What kind of help is available for a student with ADD?

Help can be divided into two main areas: (1) Academic accommodations (sometimes called adjustments) and (2) learning assistance. Academic adjustments are required under Federal law for students with disabilities. Common academic accommodations for students with disabilities include extended exam time, use of a computer for in-class essays, books-on-tape, private exam location, tape recording lectures, and preferential seating. Learning strategies are ways the students can be helped but are not legally required accommodations. That means, while you don’t have to do these things, they can help. An example of a common strategy is meeting with students one-on-one during office hours to be sure the student understands instructions for assignments. Now this is something any student has the right to request from an instructor, and any student can benefit from. For a student with an ADD, this is often a crucial step in achieving academic success. It is important to note that it is the student who is primarily responsible for requesting meetings with the instructor.

Should students with ADD be graded differently?

Absolutely not. Students with ADD have a right to be held to the same standards as other students. This includes being graded on the same criteria. As long as accommodations are provided, academic success is up to the student. The accommodation process is designed to equalize the playing field so students with ADD have the same chance of success as other students. To grade students with ADD differently is discriminatory, as is lowering standards in other ways such as requiring fewer assignments. However, you can still treat these students the same as other students in developing extra-credit assignments, alternative assignments, extensions etc.

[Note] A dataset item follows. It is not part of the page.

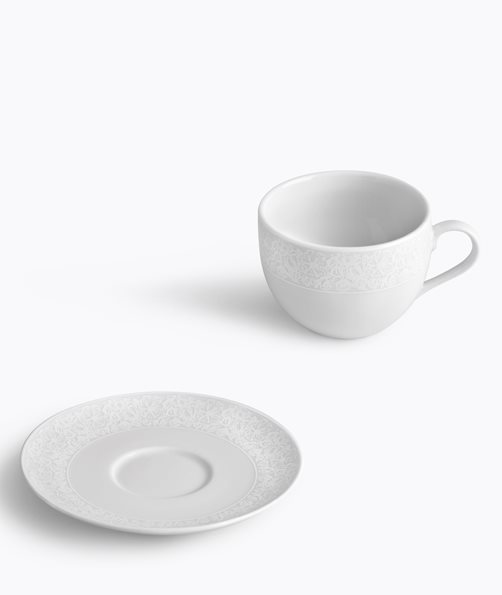 Fiore Tea Cup & Saucer 190ml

What if a student with ADD is not doing well in my class?

Treat the student as you would any other student who is not doing well. Have a conversation with the student. See if the student is taking advantage of available resources such as the writing center. Encourage the student to seek assistance if needed and to meet with his or her academic advisor. Refer the student to Disability Services to determine if full accommodations are being utilized.

What if the student is receiving accommodations but still not doing well?

We can guarantee access but not success. While it is important we do everything we can to help student’s succeed, we cannot guarantee that every student will pass every course. Even with accommodations a student can fail a course. Be sure to refer the student to Disability Services so we can ensure appropriate accommodations are being provided.

Does the Disability Services office offer testing for ADD?

No. However, we can provide the student with information about getting evaluated and help connect students to available resources. Students are also encouraged to bring suspicions of ADD to the attention of their primary care physician and other health-care providers.

Besides providing accommodations, how can I help?

Encourage students to meet with you if they are having any trouble academically.